HOW TO COMPLETE THIS TASK: Transcribe the listing exactly as written. Leave the images out.

PROVIDED DATA:
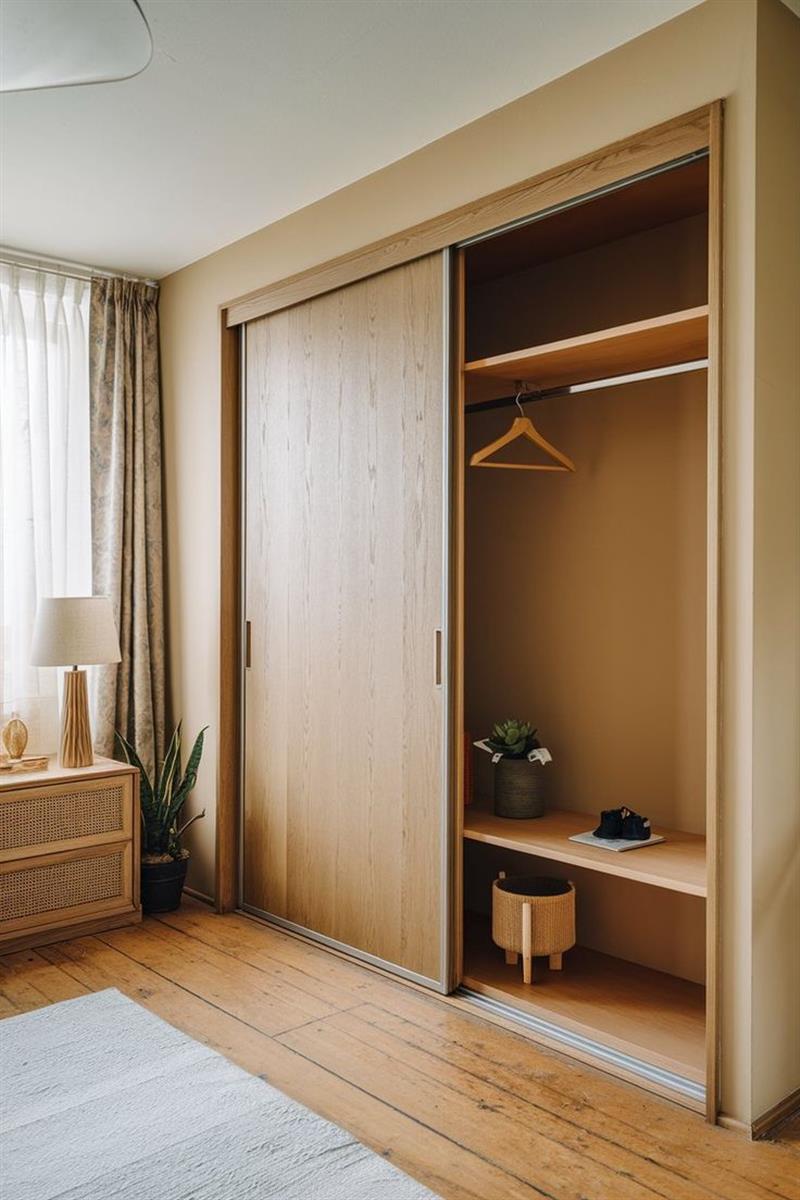 Hệ tủ âm tường cũng là một thành phần không thể thiếu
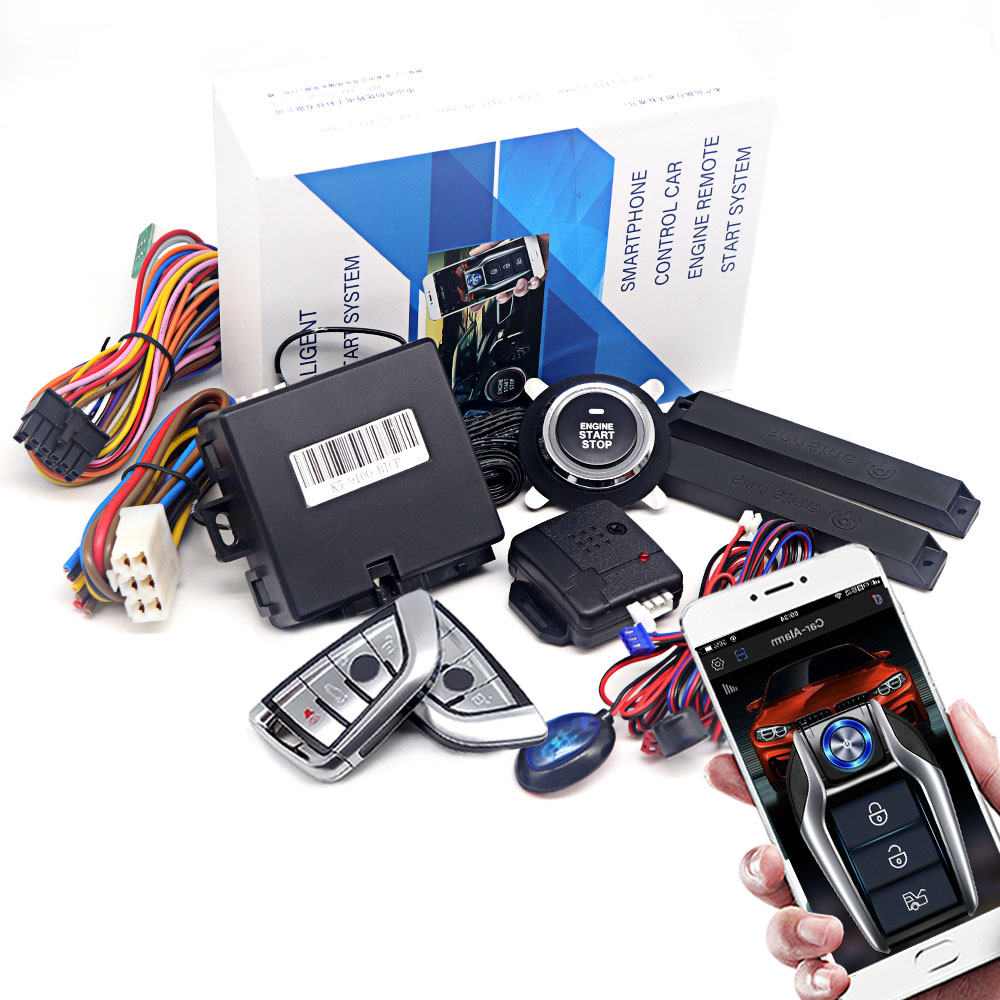 Kirbin Car Alarm With Autostar - Phone Accessories For Your Car ulasan dan harga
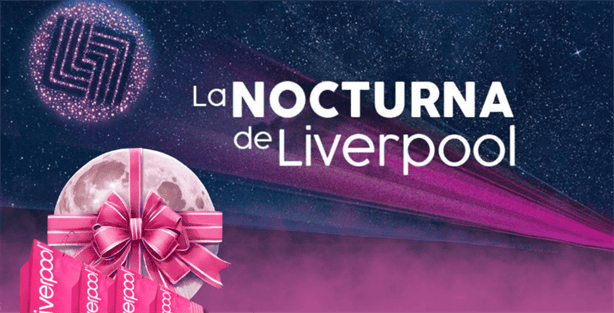 Venta nocturna de Liverpool 2024: Esto son los departamentos con los mayores descuentos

YOUR SOLUTION:
 Hệ tủ âm tường cũng là một thành phần không thể thiếu
 Kirbin Car Alarm With Autostar - Phone Accessories For Your Car ulasan dan harga
 Venta nocturna de Liverpool 2024: Esto son los departamentos con los mayores descuentos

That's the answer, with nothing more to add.